By 2010, with 111 countries surveyed, Gallup determined that there had been a substantial decrease since 2007–2008 in the number of Americans and Europeans who viewed global warming as a serious threat. In the US, just a little over half the population (53%) viewed it as a serious concern for either themselves or their families; this was 10 points below the 2008 poll (63%). Latin America had the biggest rise in concern: 73% said global warming was a serious threat to their families.  This global poll also found that people were more likely to attribute global warming to human activities than to natural causes, except in the US where nearly half (47%) of the population attributed global warming to natural causes.

A March–May 2013 survey by Pew Research Center for the People & the Press polled 39 countries about global threats. According to 54% of those questioned, global warming featured top of the perceived global threats.

History

The history of climate change science began in the early 19th century when ice ages and other natural changes in paleo-climate were first suspected and the natural greenhouse effect first identified.  In the late 19th century, scientists first argued that human emissions of greenhouse gases could change the climate. In the 1960s, the warming effect of carbon dioxide gas became increasingly convincing.  By the 1990s, as a result of improving fidelity of computer models and observational work confirming the Milankovitch theory of the ice ages, a consensus position formed: greenhouse gases were deeply involved in most climate changes and human caused emissions were bringing discernible global warming. Since the 1990s, scientific research on climate change has included multiple disciplines and has expanded.  Research during this period has been summarized in the Assessment Reports by the Intergovernmental Panel on Climate Change.

Terminology

In the 1950s, research suggested increasing temperatures, and a 1952 newspaper reported "climate change". This phrase next appeared in a November 1957 report in The Hammond Times which described Roger Revelle's research into the effects of increasing human-caused CO2 emissions on the greenhouse effect, "a large scale global warming, with radical climate changes may result". Both phrases were used only occasionally until 1975, when Wallace Smith Broecker published a scientific paper on the topic, "Climatic Change: Are We on the Brink of a Pronounced Global Warming?" The phrase began to come into common use, and in 1976 Mikhail Budyko's statement that "a global warming up has started" was widely reported. Other studies, such as a 1971 MIT report, referred to the human impact as "inadvertent climate modification", but an influential 1979 National Academy of Sciences study headed by Jule Charney followed Broecker in using global warming for rising surface temperatures, while describing the wider effects of increased CO2 as climate change.

In 1986 and November 1987, NASA climate scientist James Hansen gave testimony to Congress on global warming. There were increasing heatwaves and drought problems in the summer of 1988, and when Hansen testified in the Senate on 23 June he sparked worldwide interest.  He said, "global warming has reached a level such that we can ascribe with a high degree of confidence a cause and effect relationship between the greenhouse effect and the observed warming."  Public attention increased over the summer, and global warming became the dominant popular term, commonly used both by the press and in public discourse.

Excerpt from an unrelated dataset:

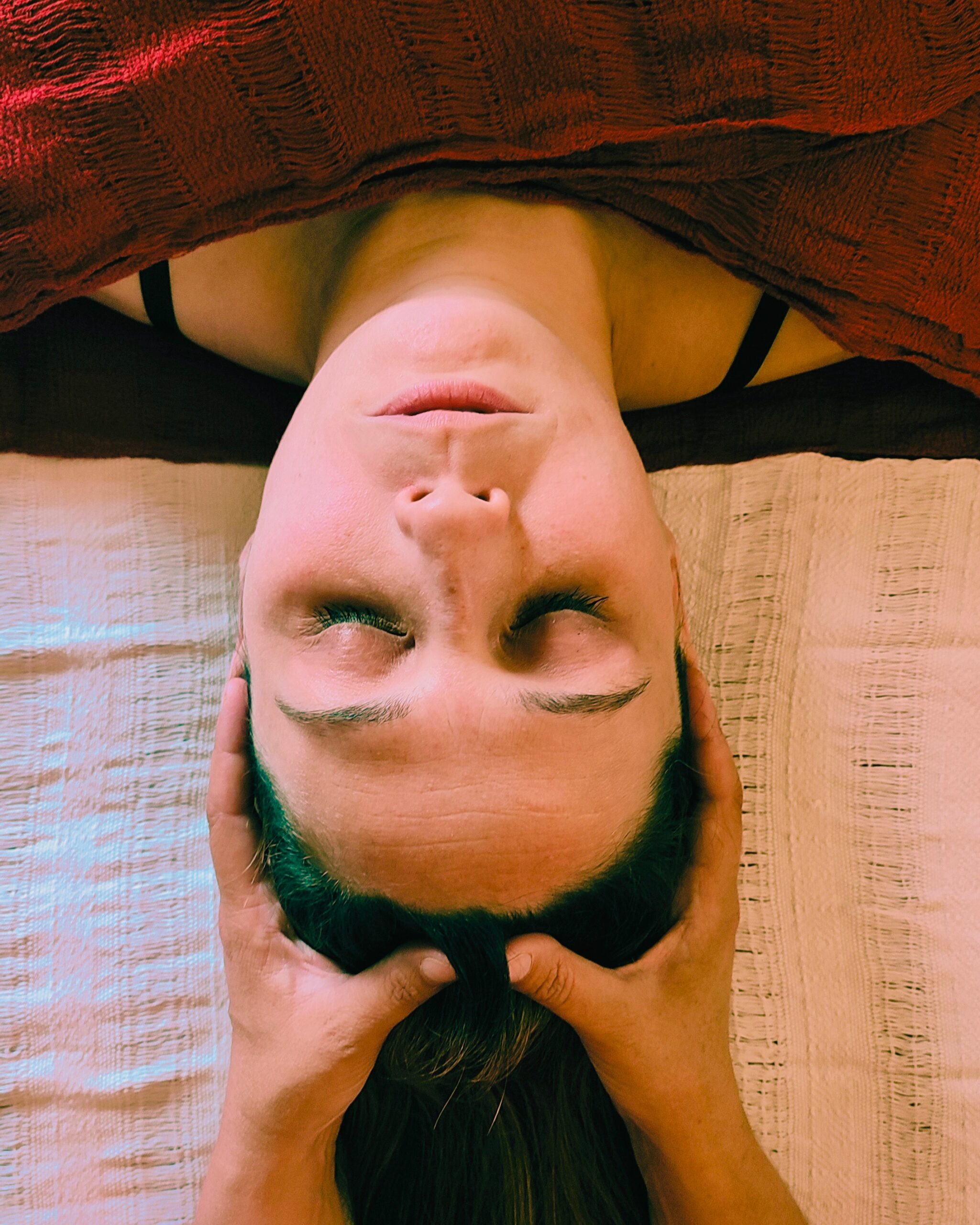Femme recevant un massage intuitif à Elliant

In a 2008 NASA article on usage, Erik M. Conway defined global warming as "the increase in Earth's average surface temperature due to rising levels of greenhouse gases", while climate change was "a long-term change in the Earth's climate, or of a region on Earth". Because effects such as changing patterns of rainfall and rising sea levels would probably have more impact than temperatures alone, he considered global climate change a more scientifically accurate term, and like the Intergovernmental Panel on Climate Change, the NASA website emphasized this wider context.